Wheat vs. Chaff

John Havens has an excellent piece in Mashable titled “It’s Your Data — But Others Are Making Billions Off It.” In a Web overflowing with chaff, it’s a fine grain of wheat.

But it’s also camouflaged by chaff posing as wheat. I can tell, because I was interviewed for the piece, which  links back to this blog. Trackbacks appear in my comment queue, and I should see just one, if any: from the Mashable piece. But instead I see four, all from splogs—spam blogs—that took the Mashable piece and republished it as their own. I won’t link to them, but you can find them if you do a search on Google looking for the original. When I first tried that, the results yielded lots of false positives from splogs. Now the search correctly yields just this:

1 result (0.24 seconds)
Search Results

It’s Your Data — But Others Are Making Billions Off It – Mashable

mashable.com/2013/10/24/personal-data-monetization/

Oct 24, 2013 – “The entire advertising industry has been hugely corrupted by personalization and surveillance,” says Doc Searls, author of The Intention 

In order to show you the most relevant results, we have omitted some entries very similar to the 1 already displayed.
If you like, you can repeat the search with the omitted results included.

Do that and you’ll see those four splogs, plus many more.

To mix metaphors, splogs are worse than chaff. They are parasites. I also believe they are inevitable in the ad-driven monoculture that the commercial Web has become. Also somehow consistent with John’s original post.



3 responses to “Wheat vs. Chaff”

  1. Thanks for the kind words, Doc. Also not a fan of splogs but did really enjoy our chat and continue to recommend d The Intention Economy.

    Cheers,
    JCH

  2. I agree. Even my little blog gets recreated elsewhere from time to time, both using automated means and by people doing it manually (!)

    For me, there’s no commercial impact, but it certainly feels like a violation. It is an excellent example of the need for a bottoms-up architecture of control.

    This seems like a hard problem — harder, in many ways, than the problems that project VRM is taking on about control over non-public information. How can I control the presentation of my work, without taking some kind of heavy-handed DRM approach, and while still sharing it?

    Is this problem in scope for your work? Am I thinking about it right? I can’t see it getting any less urgent in the coming years.
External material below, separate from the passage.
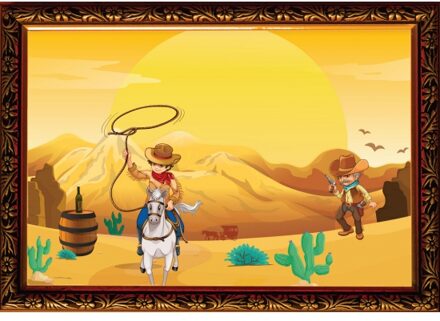 Bellatio Decorations Western thema poster - Feestposters Multikleur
    1. Thanks, John. Again, great piece.

      David, as I see it (at this moment in time, at least), the problem is with two things. One is the calf-cow nature of client-server architecture, which has been defaulted on the Web since the start. The other is commercial monocultures such as Google’s advertising system, which splogs (among many other things) are designed to game.

      Both those systems, and approaches, good as they are, need a refresh.

      VRM is new. So are many other efforts working bottom-up. But its important to remember that any good system can still be gamed. Take email for example. More than 99% of it is crap. But it also liberates us from corporate control.